# Nissian - Pioneer, Where do the orange wires go?



## caleb812 (Apr 10, 2004)

Im going to use H/U for Head Unit

I am trying to wire a pioneer cassette deck w/ cd changer control.
I Have a wiring harness and have the red wire from the harness that says
12v ignition going to the H/U's red wire ignition on-off.
I have the thick black wire from the H/U going to the ground on the wiring harness. and I have the yellow, batt/memory wire going to the orange wire on the H/U with the little memory box (at least that what I think it is) on it.
There is a fuse in this wire that is fine. I have the blue power antenna wire going to the remote wire on the H/U. 

All this hooked up and I thought it should work, but I plug in the harness and I got notta, nothing. Wont come one. no noise, no smell, no visual, just like its not even getting power. :thumbdwn: 

But alas I have to wires in the harness left. One says "Positive dimmer" and it is orange w/ a white stripe on it. And the other says "Illumination" and its just solid orange. do these two wires need to get hooked up on the H/U somewhere? Is this my problem? Or is there something up with car not getting power to the radio or is the H/U just dead.

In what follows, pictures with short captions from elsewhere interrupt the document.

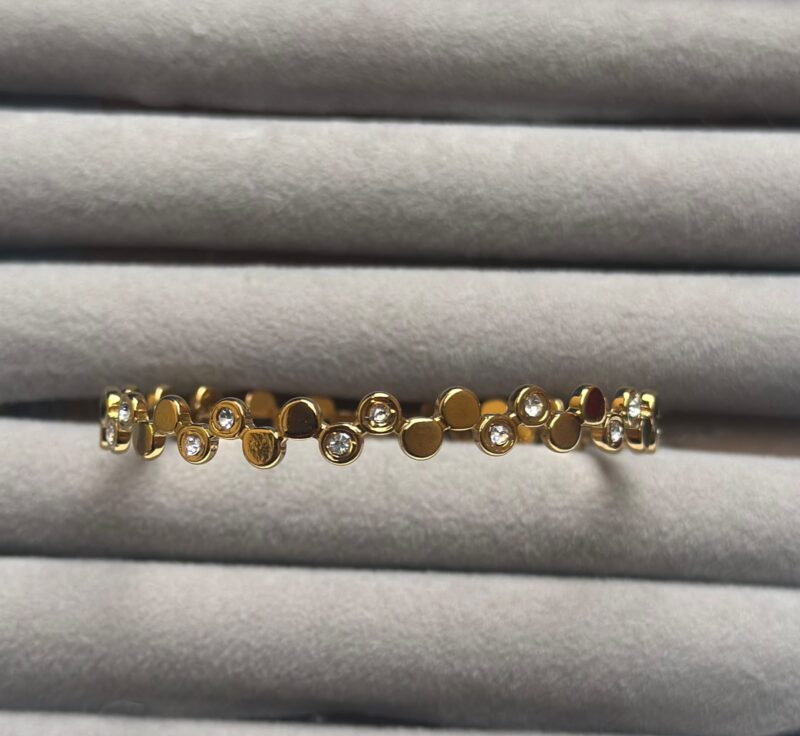 White gold kada bracelet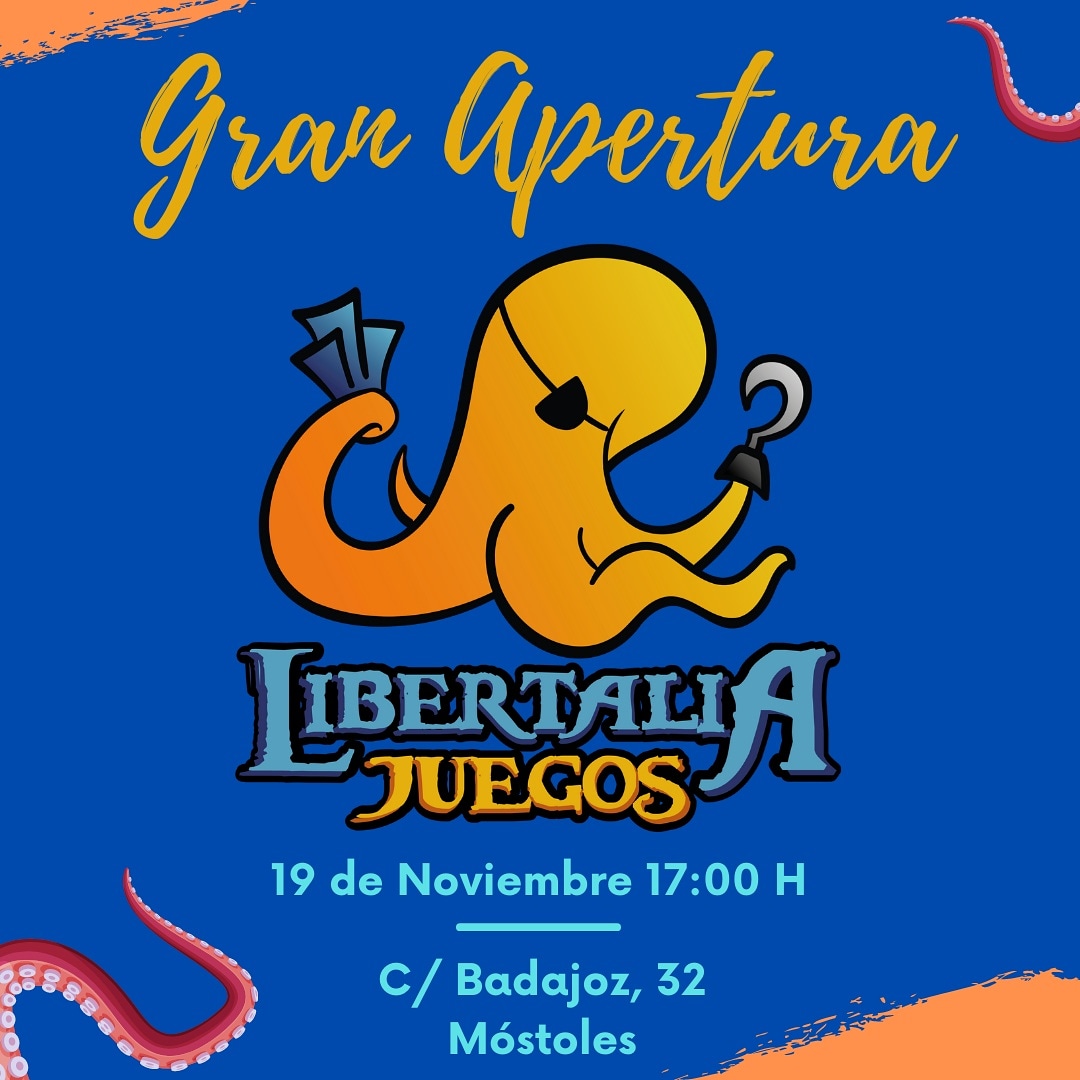 Por fin os podemos anunciar la apertura de nuestra tienda física! En breve tendréis más información #libertaliajuegos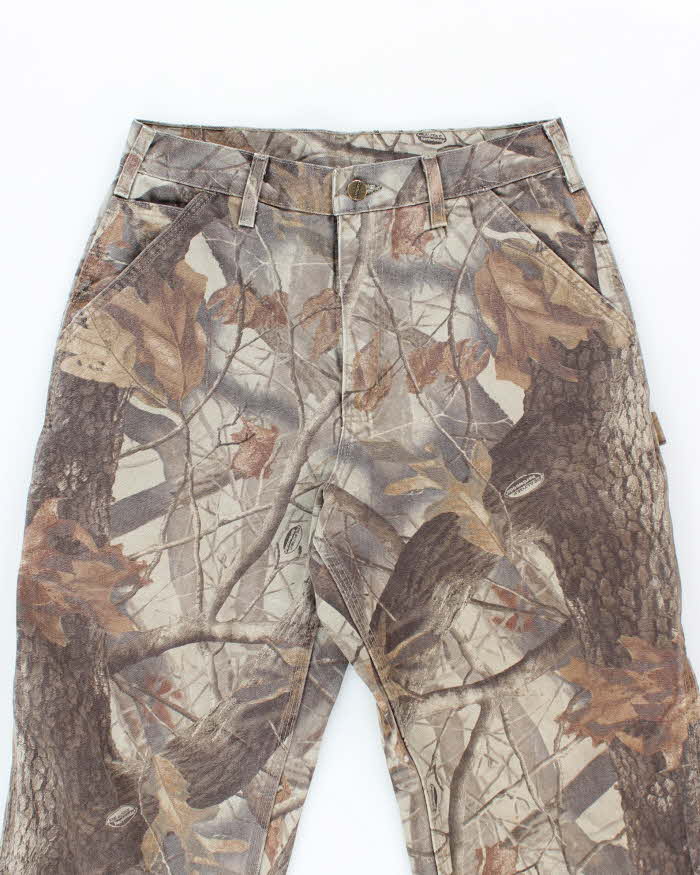 Vintage Y2K Carhartt Real Tree Camouflage Carpenter Trousers - W28 L31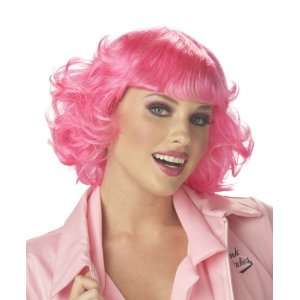  Womens Pink Grease Frenchie Wig 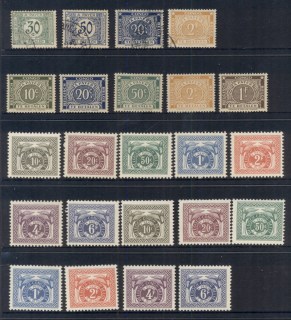 Belgian-Congo-1923-43-Postage-Dues-Asst-MUH-FU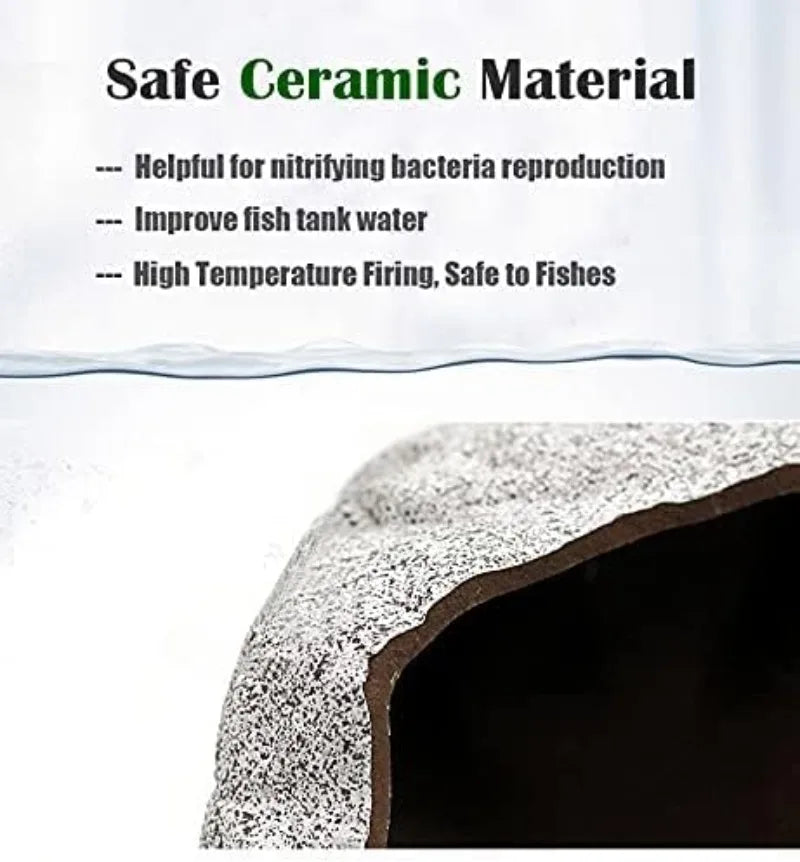 Fish Tank Stone Cave Shelter For Fish Natural Hideaway Decoration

Any help is appreciated. Thanks!


----------



## xt_out (Jun 23, 2003)

the illumination is hooked up on my kenwood, although im not sure what exactly it does...i was just out there and did see that wire though.


----------



## nismoprincess (Sep 27, 2002)

the dimmer wire is connected to your dash lights when you dim your dash lights the head unit lights dim too. It's not really necessary and it wouldn't be why your head unit isn't powering up. there has to be a wrong connection either your red, yellow, or black wire. If you have a tester check and see if your getting power from these wires, or you might have blown a fuse. check the fuses on the wires (red and yellow) and on the head unit.


----------



## xt_out (Jun 23, 2003)

^damn!!! beautiful _and_ smart. you go girl


----------